Foreign Language Teachers in Demand
WHAT'S "smoke and mirrors" in Mandarin, Japanese, Hindi or Indonesian? Too few Australian adults, students or teachers would know. And that is unlikely to change in the foreseeable future, without smarter education policies and better allocation of resources.
According to the Asia Education Foundation, doubling the number of students studying an Asian or other foreign language would cost about $100 million a year. Added to the billions of dollars needed to double the number of Australian universities in the world's top 100, the ambitious goals of the Asian Century white paper begin to look elusive.

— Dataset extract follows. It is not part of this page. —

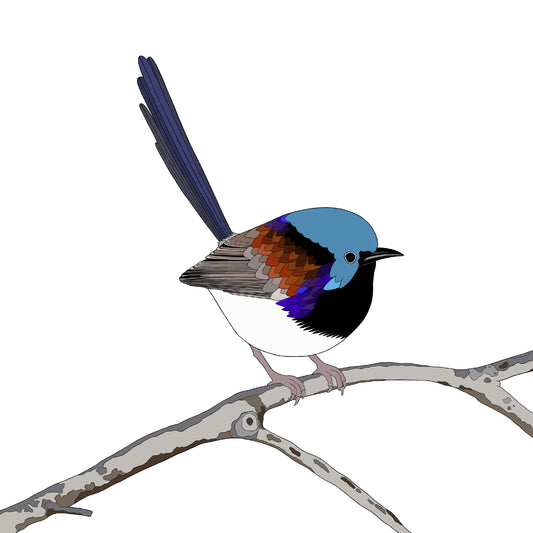 A-Z Australian Animals Variegated Fairy Wren Art Print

Rather than waiting until the federal and state treasuries find the money for the Gonski reforms and the National Disability Insurance Scheme, education authorities could make a start by capitalising on existing resources. As the Productivity Commission's School Workforce report pointed out in June, NSW and Queensland alone have tens of thousands of qualified primary teachers who are unable to find jobs. At the same time, foreign language teachers are in such strong demand that schools struggle to retain them and sometimes have to seek replacements interstate.
Retraining graduates, redirecting applicants to teaching courses in areas of shortage, better targeted HECS incentives and a wider use of scholarships are essential. As parents know, the fall-off in language study among students in years 11 and 12, which sometimes occurs because some students feel unable to compete with classmates from Asian-language-speaking backgrounds, also needs to be addressed. Teacher exchanges with Asian schools, encouraging the immigration of skilled teachers and universities engaging outside instructors to teach Asian languages would also kick-start proficiency.

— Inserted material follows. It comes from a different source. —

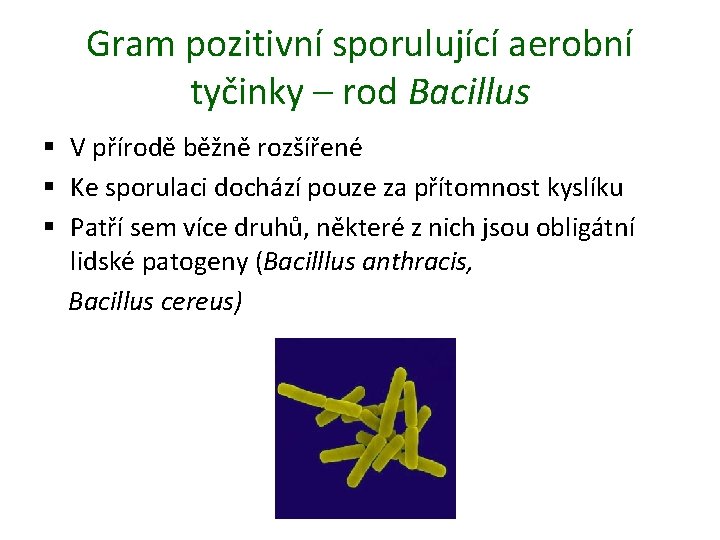 Gram pozitivní sporulující aerobní tyčinky – rod Bacillus § V přírodě běžně rozšířené §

University of Technology, Sydney vice-chancellor Ross Milbourne was not exaggerating when he said about $10 billion a year would be needed to bring another five universities into the world top 100 alongside Melbourne, Sydney, Queensland, Western Australia and ANU. Given funding constraints, such a process would require a rationalisation of research funding away from some institutions towards more research-intensive universities. It also would require political courage.
A CREDIBLE white paper needs funds and an action plan.